Fluidstack is the AI Cloud Platform. We build GPU supercomputers for top AI labs, governments, and enterprises. Our customers include Mistral, Poolside, Black Forest Labs, Meta, and more.
Our team is small, highly motivated, and focused on providing a world class supercomputing experience. We put our customers first in everything we do, working hard to not just win the sale, but to win repeated business and customer referrals.
We hold ourselves and each other to high standards. We expect you to care deeply about the work you do, the products you build, and the experience our customers have in every interaction with us.
You must work hard, take ownership from inception to delivery, and approach every problem with an open mind and a positive attitude. We value effectiveness, competence, and a growth mindset.
As a Member of Technical Staff at Fluidstack, you will design, develop, and maintain software solutions that power our AI infrastructure and enable our customers to run complex ML workloads efficiently at scale.
Your responsibilities are aligned with the success of our customers and your teammates, and you'll work side-by-side with them to push forward the state of the art in AI/ML. A day's work may include:
Developing and optimizing job scheduling systems to maximize GPU utilization and throughput for ML workloads
Building and improving software interfaces for cluster management that support PyTorch, JAX, and other ML frameworks
Creating monitoring and observability tools for tracking training progress, resource usage, and system performance
Implementing data pipeline optimizations to accelerate training and inference workflows
Designing and developing APIs and services to integrate with MLflow, Kubeflow, Weights & Biases, and other ML tooling
Writing libraries and utilities to simplify the deployment and management of distributed training jobs
We are looking for candidates who are customer-centric, with a bias to action, and an ability to thrive in ambiguity. We expect communication skills, a low ego, and a positive attitude.
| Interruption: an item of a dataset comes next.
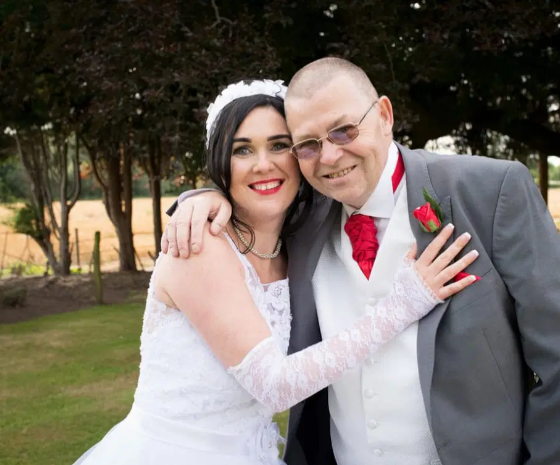 Cô dâu Kim Leary và bố, ông John Douglas.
In terms of skills, if any of the below bullet points sound like you, please reach out!
You have developed software for training or serving large-scale ML models (1000+ GPU scale)
You have optimized distributed training performance across multiple nodes and accelerators
You have implemented APIs and interfaces for ML platforms that prioritize developer experience
You have experience with orchestration systems like Kubernetes or SLURM in the context of large scale ML workloads
You have built or contributed to ML infrastructure tools (e.g., Ray, Horovod, DeepSpeed), and have experience with ML experiment tracking and workflow systems (MLflow, Kubeflow, W&B)
After submitting your application, the team will review your resume. If your application passes this stage, you will be invited to a 30 minute screen. If you clear this initial phone interview, you will enter the main process, which consists of three 45 minute interviews: a technical deep dive, customer communications and debugging session, and a culture fit interview.
Our goal is to finish the main process within one week. All interviews will be conducted virtually.
Competitive total compensation package (cash + equity).
Retirement or pension plan, in line with local norms.
Health, dental, and vision insurance.
Generous PTO policy, in line with local norms.
Fluidstack is remote first, but has offices in key locations. For all other locations, we provide access to WeWork.